#### [YOUR ASSIGNMENT]
Leaving the pictures aside, transcribe the data below exactly.

#### [PROVIDED MATERIAL]
........

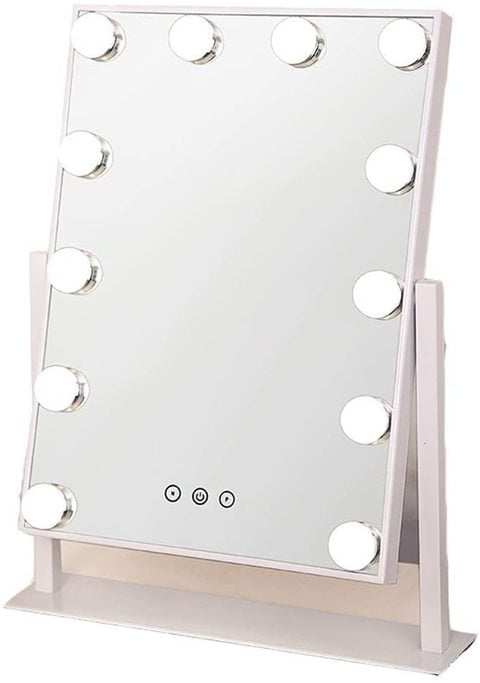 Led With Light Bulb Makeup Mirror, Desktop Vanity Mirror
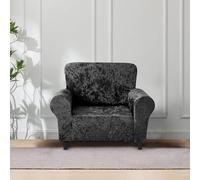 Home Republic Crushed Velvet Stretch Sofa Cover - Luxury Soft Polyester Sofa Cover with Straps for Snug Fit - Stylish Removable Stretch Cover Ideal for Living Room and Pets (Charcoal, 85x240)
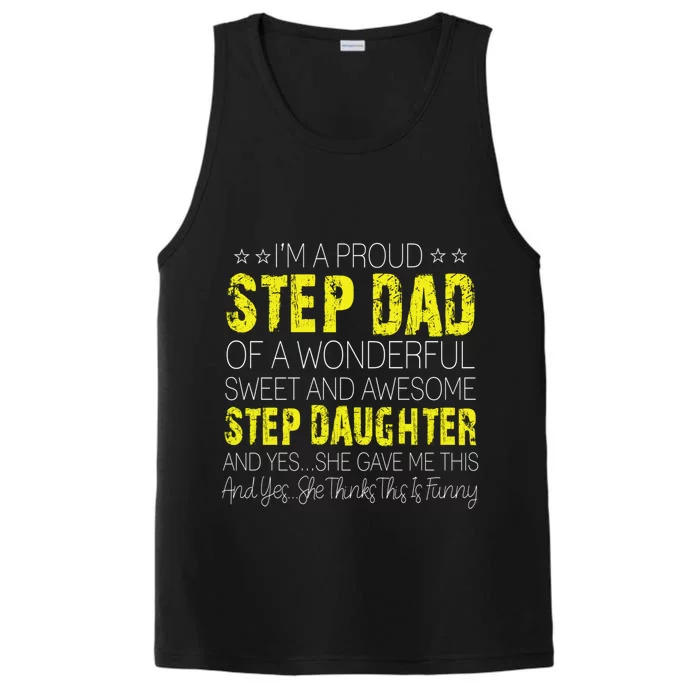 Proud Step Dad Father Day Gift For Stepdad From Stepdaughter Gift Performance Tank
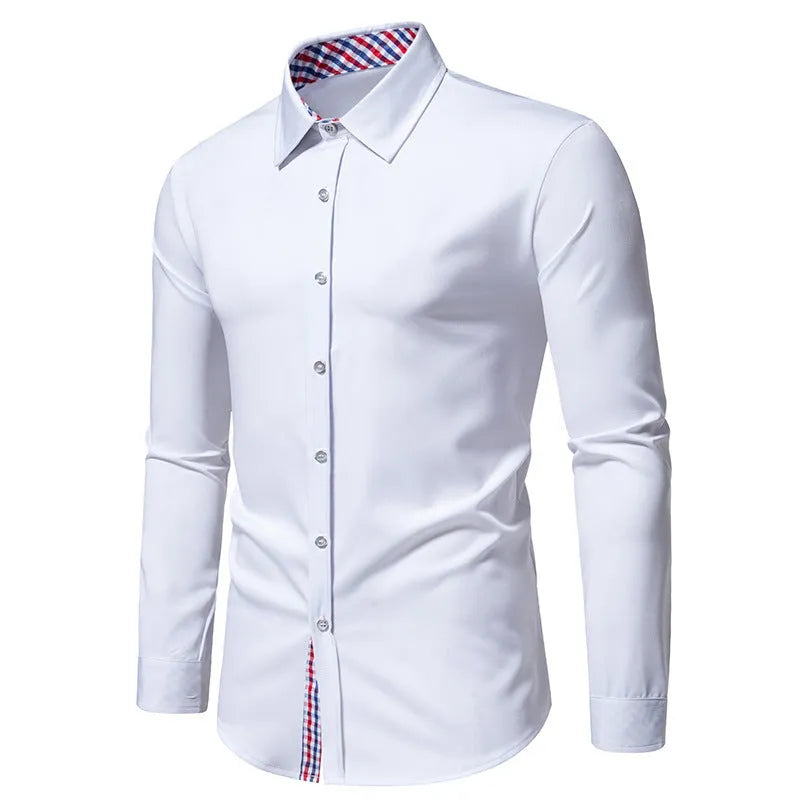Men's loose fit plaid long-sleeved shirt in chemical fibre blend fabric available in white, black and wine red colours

........

#### [RESPONSE BELOW]
 Led With Light Bulb Makeup Mirror, Desktop Vanity Mirror
 Home Republic Crushed Velvet Stretch Sofa Cover - Luxury Soft Polyester Sofa Cover with Straps for Snug Fit - Stylish Removable Stretch Cover Ideal for Living Room and Pets (Charcoal, 85x240)
 Proud Step Dad Father Day Gift For Stepdad From Stepdaughter Gift Performance Tank
Men's loose fit plaid long-sleeved shirt in chemical fibre blend fabric available in white, black and wine red colours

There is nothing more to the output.